**Problem requirements**
Only certain lines below are wanted: those starting at the line containing "Dividend income is" and ending at the line containing "Before we actually", both included, each retyped exactly.

**Extracted material**
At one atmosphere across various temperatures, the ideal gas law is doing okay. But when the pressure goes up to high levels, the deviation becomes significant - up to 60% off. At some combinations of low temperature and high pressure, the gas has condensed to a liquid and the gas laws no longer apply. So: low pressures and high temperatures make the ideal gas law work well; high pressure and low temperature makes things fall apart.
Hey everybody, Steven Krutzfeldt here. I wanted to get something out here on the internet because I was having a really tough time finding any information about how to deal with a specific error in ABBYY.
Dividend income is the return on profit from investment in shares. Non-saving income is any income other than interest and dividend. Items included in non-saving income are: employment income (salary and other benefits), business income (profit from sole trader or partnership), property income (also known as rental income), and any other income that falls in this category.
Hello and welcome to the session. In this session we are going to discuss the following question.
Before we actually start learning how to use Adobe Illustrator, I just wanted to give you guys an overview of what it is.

* * *

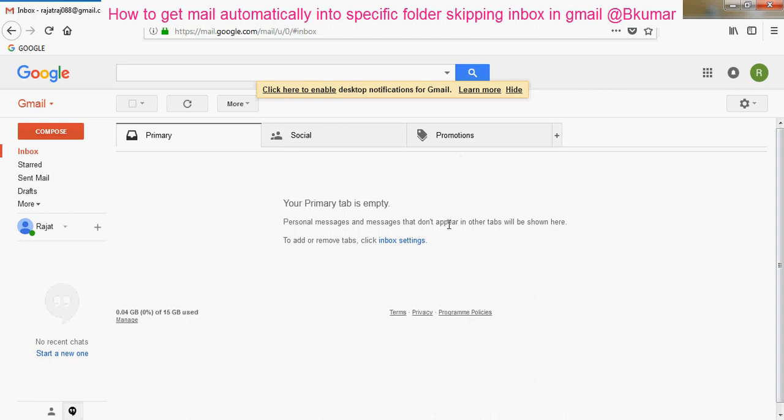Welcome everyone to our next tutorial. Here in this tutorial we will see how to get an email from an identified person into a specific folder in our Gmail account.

==

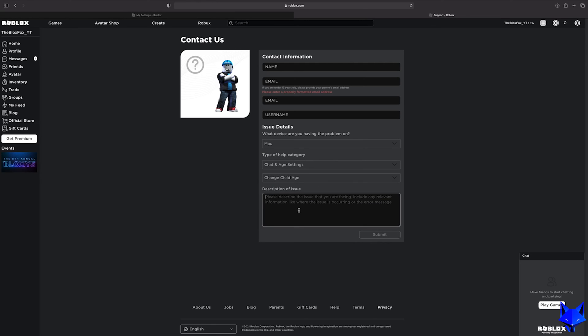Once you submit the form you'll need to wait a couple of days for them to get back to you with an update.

**Expected answer**
Dividend income is the return on profit from investment in shares. Non-saving income is any income other than interest and dividend. Items included in non-saving income are: employment income (salary and other benefits), business income (profit from sole trader or partnership), property income (also known as rental income), and any other income that falls in this category.
Hello and welcome to the session. In this session we are going to discuss the following question.
Before we actually start learning how to use Adobe Illustrator, I just wanted to give you guys an overview of what it is.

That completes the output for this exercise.